It is daunting, and exciting, and I’ve been able to try to practice what I have been preaching for the past two months. I’m happy to say it works but it isn’t without issue. The main one, as always being time.

Many of the people I’m working with (and myself if I’m honest) have been working harder this past year than in the years previous, desperate and under pressure to deliver the best we can for students, and who wants to add more work to that? Even if it helps in the long run, makes for better student journeys and outcomes in the long run, it doesn’t help the workload right now.

So we start small, a meeting to talk about a course. A course that has already been written and is possibly already running. This gives us something to work with rather than starting with a blank page but that raises the question of why look at it if the course is complete and the answer is feedback. It’ll have feedback from both the subject matter expert and the students.

Looking specifically at the purpose of the course, how students demonstrate they have met that purpose, and how students get from the start with ‘nothing’ to the end with ‘everything’. It isn’t a document heavy meeting, it’s a conversation to set criteria for reviewing the course and outline the student journey. This review might show that nothing needs to change which is wonderful. The student journey through the course has still been mapped and that map can be shared with students to help them make decisions about their own learning. More often though, small tweaks that make a massive difference are identified and the course is still mapped. Wins if you like for both academics and students.

As I said, our focus is on making the course flexible, enabling students to choose between online delivery and physical, campus based delivery, enabling students to swap between the two as circumstances change without having to change course. Flexibility in itself answers some accessibility issues. For example, if Eren is a campus student but broke his leg half way through the semester and couldn’t attend physically anymore, he could swap to studying fully online until he is mobile again instead of missing classes.

There is a massive caveat here that having online options does not mean that the physical campus doesn’t need to be accessible. It is an addition, not a replacement.

So, in a single meeting we’ve mapped an existing course and created review criteria to identify ‘quick wins’ as well as massive hole (though those should be few and far between). With a little more time, the review is complete and the results are in. I don’t want to minimise this though. Carving out time to do it is difficult, just less difficult that starting a new course right now. If a new course is really necessary, the criteria for review become criteria for writing, helping to give structure to the course and enabling it to be written in smaller chunks of precious time. Not less time, just smaller, slightly easier to find, chunks of time.

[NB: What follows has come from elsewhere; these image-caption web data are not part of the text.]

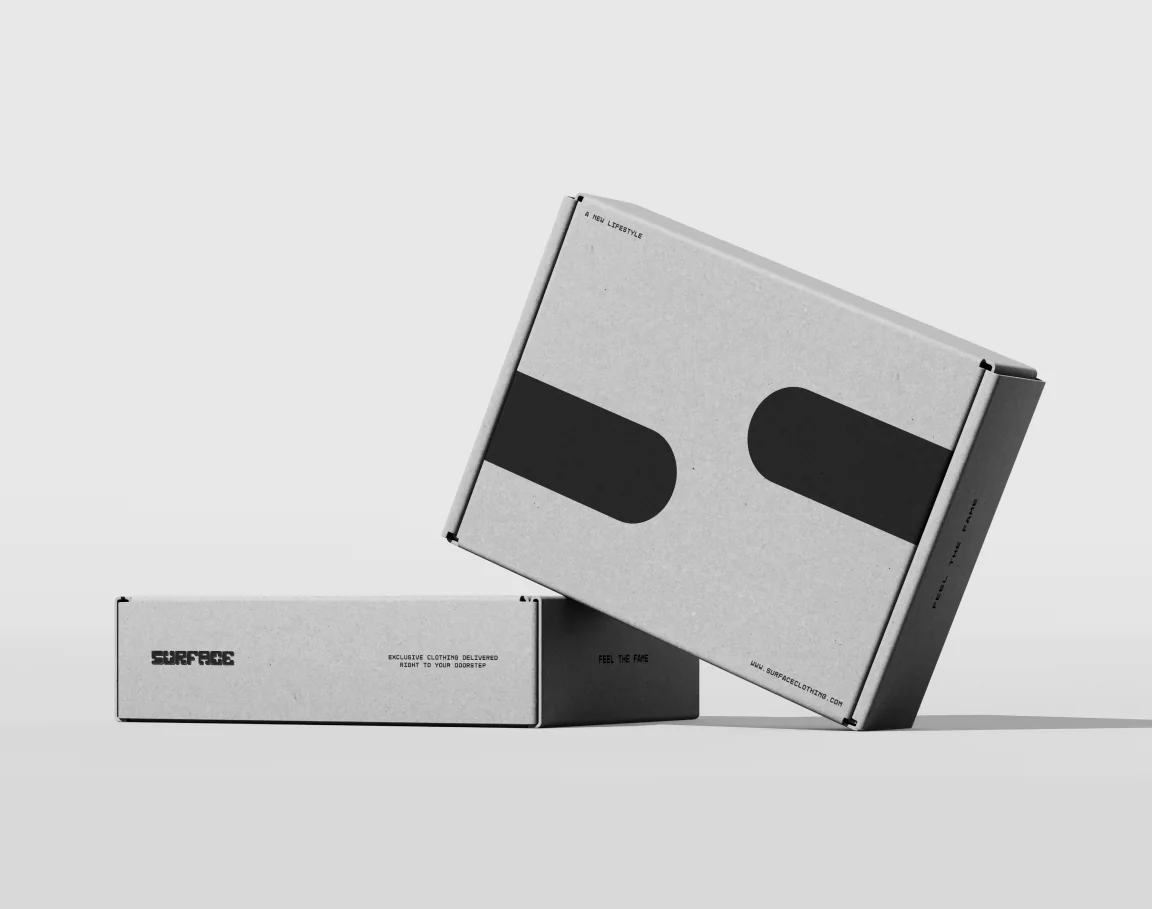 Two Surface boxes printed with the S mark.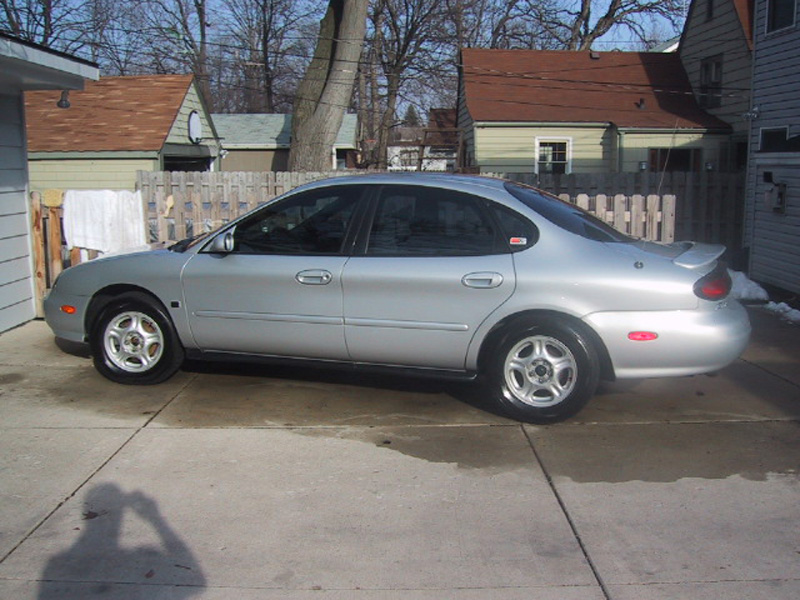 Silver Ford Taurus sedan, right side view, parked on a driveway with a wooden fence behind it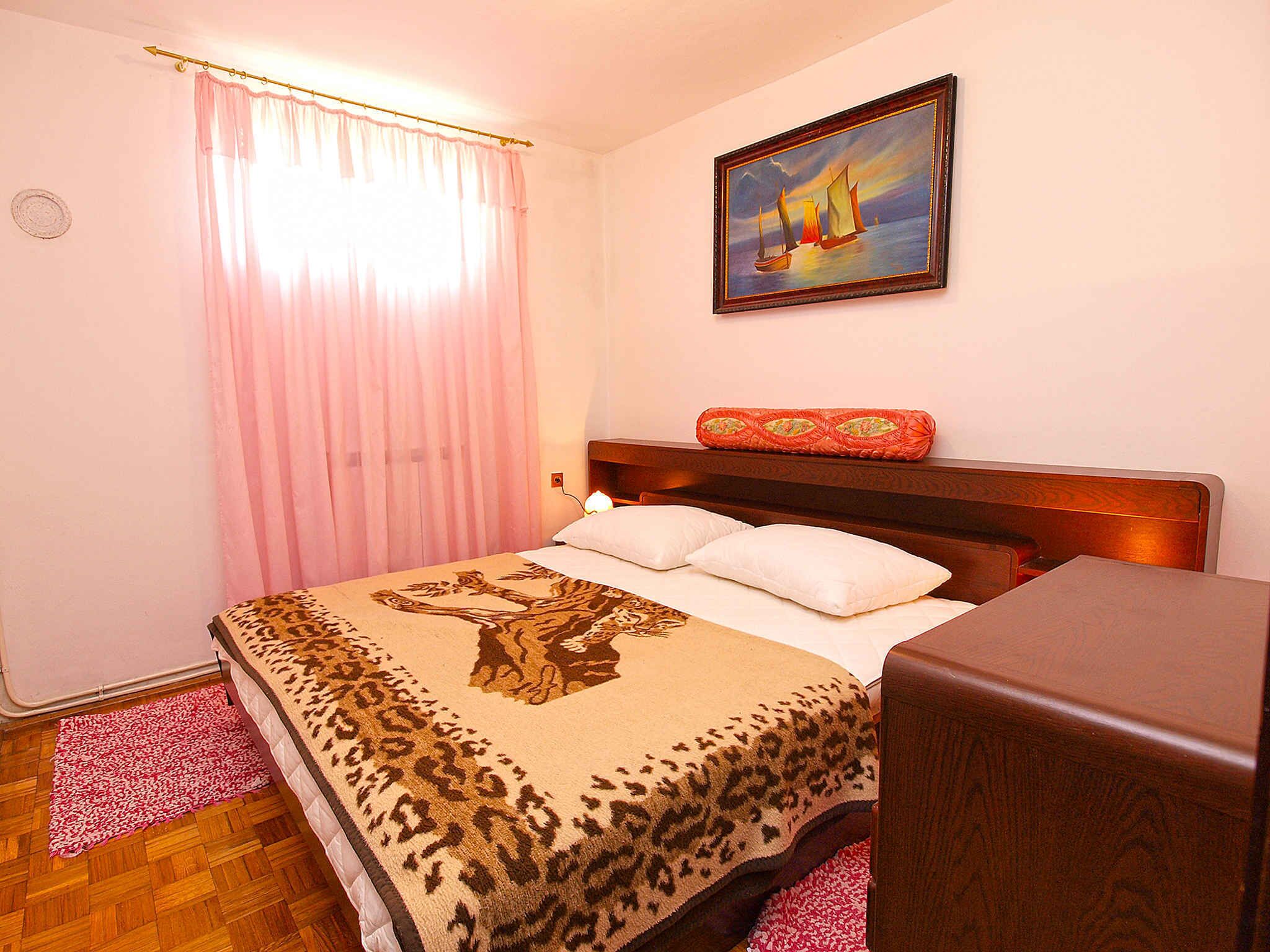 A bedroom with a bed, a wooden headboard, a painting, and a red cushion.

I can’t help but add a few criteria of my own in addition to the ones outlined in the WCAG guidelines:

- Who tells the story and who does that benefit?
- Whose voice is heard and how?
- Whose voice is not being heard?

Ok, so these are more questions than criteria but they are simple and important. Creating a community and sense of belonging in these physically distanced times is difficult and so it is more important than ever for students to feel included, to see themselves in their course. So I look to swap out case studies or reference material as quick wins. More time consuming but still wins is to:

- Look at the language — how are individuals referred to?
- Look at the assumed knowledge — is it expected that everyone would get the same cultural references?
- Look at what and how events are referred to — are they all from a specific locale are they always talked about from the same perspective

An example I read recently referred to the first industrial revolution raising the standard of living for everyone because it raise productivity and created economic growth. However, when the first industrial revolution began (1760) the British slave trade was not yet illegal, child labour was not yet illegal, health and safety laws protecting workers were not yet a thing and the revolution very much benefited from these things.

In addition wages did not rise in line with the increase in productivity nor did life expectancy increase. From the perspective of an economist, the standard of living increase but from the perspective of a ten year old boy working in a coal mine at the time, not so much. Not mentioning that elevates the experience of the economist, or indeed the mine owner, and belittles the experience of the ten year old.

That now seems like a long example but it does show how something can be true and still not give the full story. If the focus is on economics fine but economics is affected by the society it operates in and it is worth a mention.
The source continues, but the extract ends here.